TASK DETAILS> The full set of entries is to be printed exactly, with pictures excluded.

Caption-style text data:
*** Block opens ***

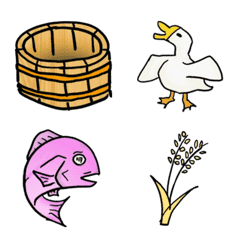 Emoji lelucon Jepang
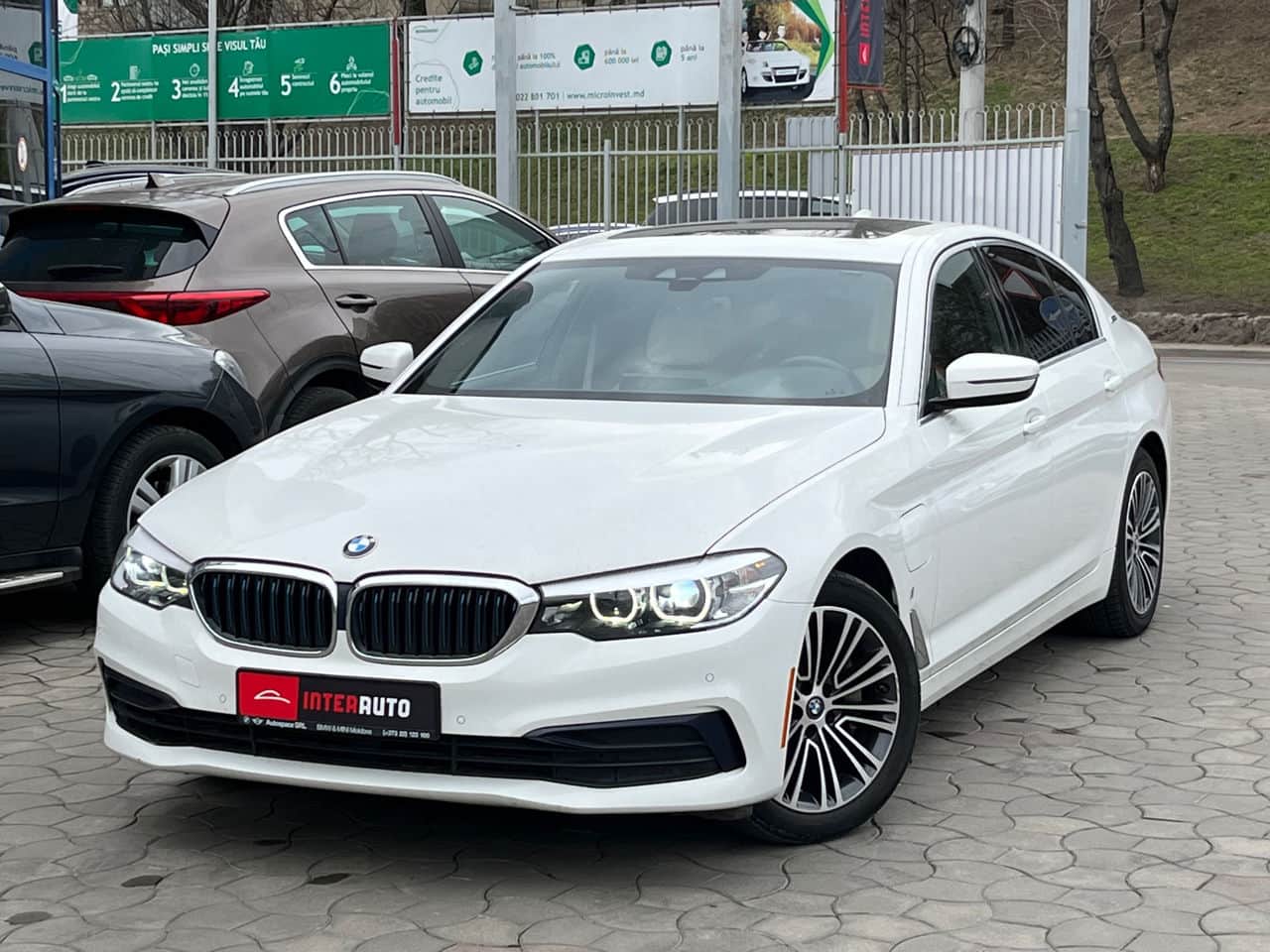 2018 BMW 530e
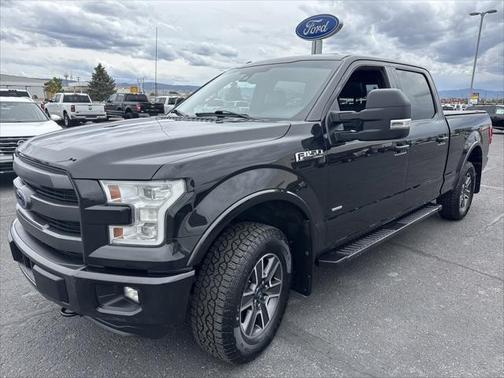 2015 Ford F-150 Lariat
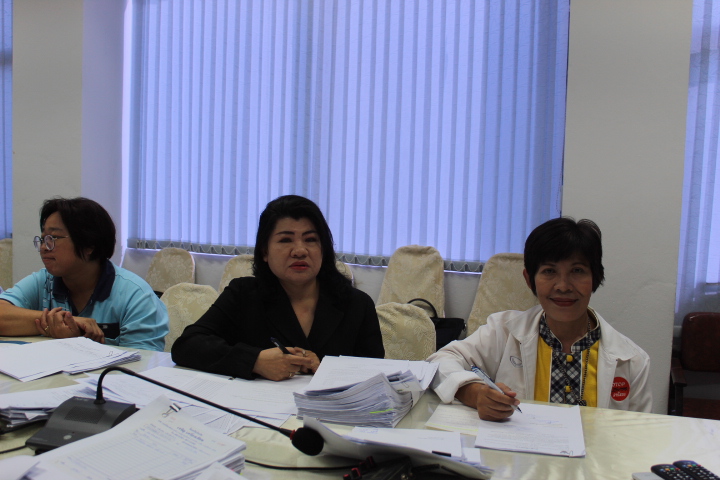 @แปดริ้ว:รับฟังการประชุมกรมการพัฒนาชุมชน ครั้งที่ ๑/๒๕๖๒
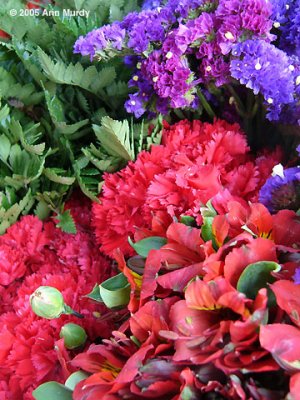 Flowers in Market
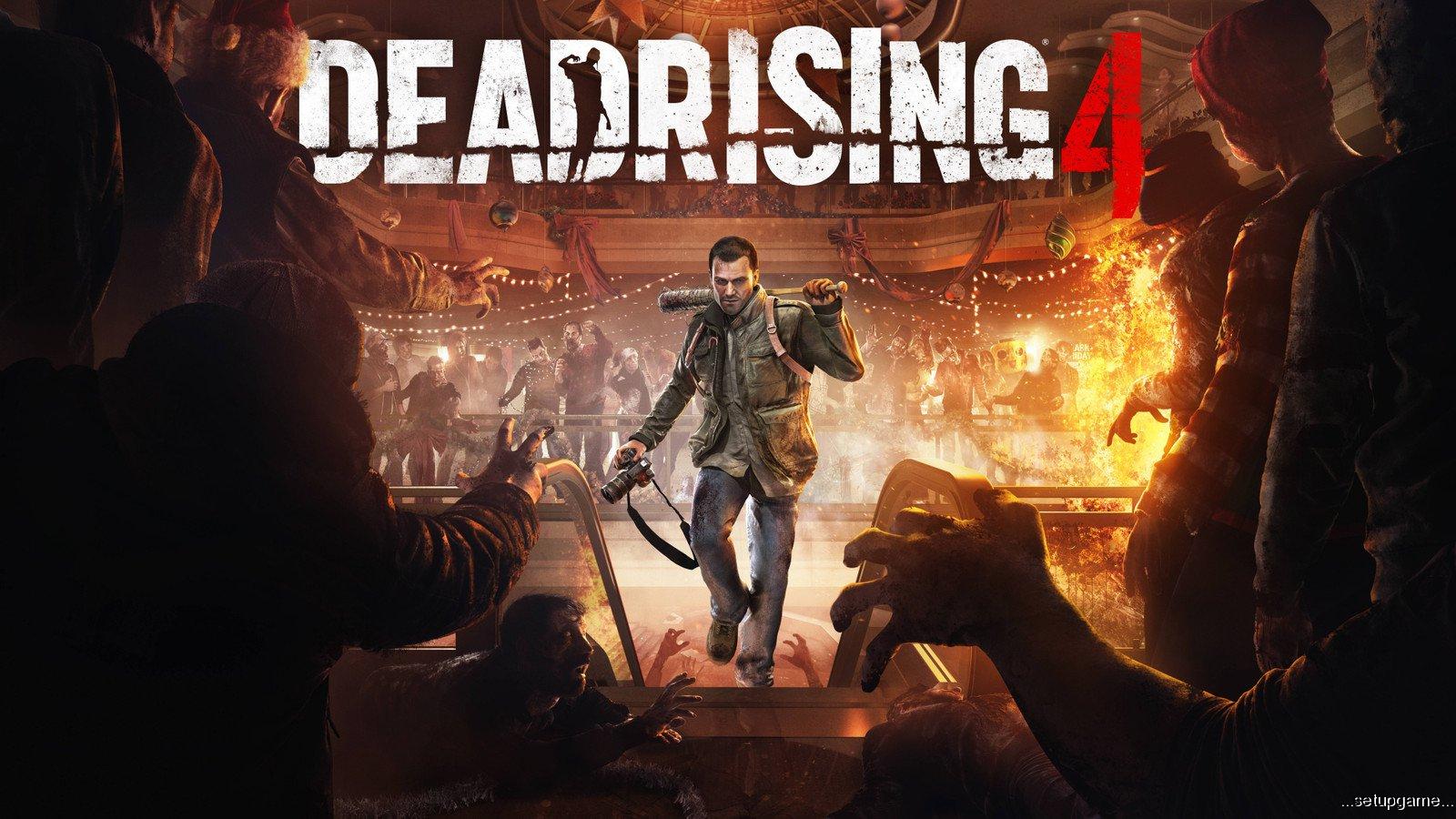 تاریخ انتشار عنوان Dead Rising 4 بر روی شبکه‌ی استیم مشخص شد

*** Block closes ***

WRITTEN ANSWER>
 Emoji lelucon Jepang
 2018 BMW 530e
 2015 Ford F-150 Lariat
 @แปดริ้ว:รับฟังการประชุมกรมการพัฒนาชุมชน ครั้งที่ ๑/๒๕๖๒
 Flowers in Market
 تاریخ انتشار عنوان Dead Rising 4 بر روی شبکه‌ی استیم مشخص شد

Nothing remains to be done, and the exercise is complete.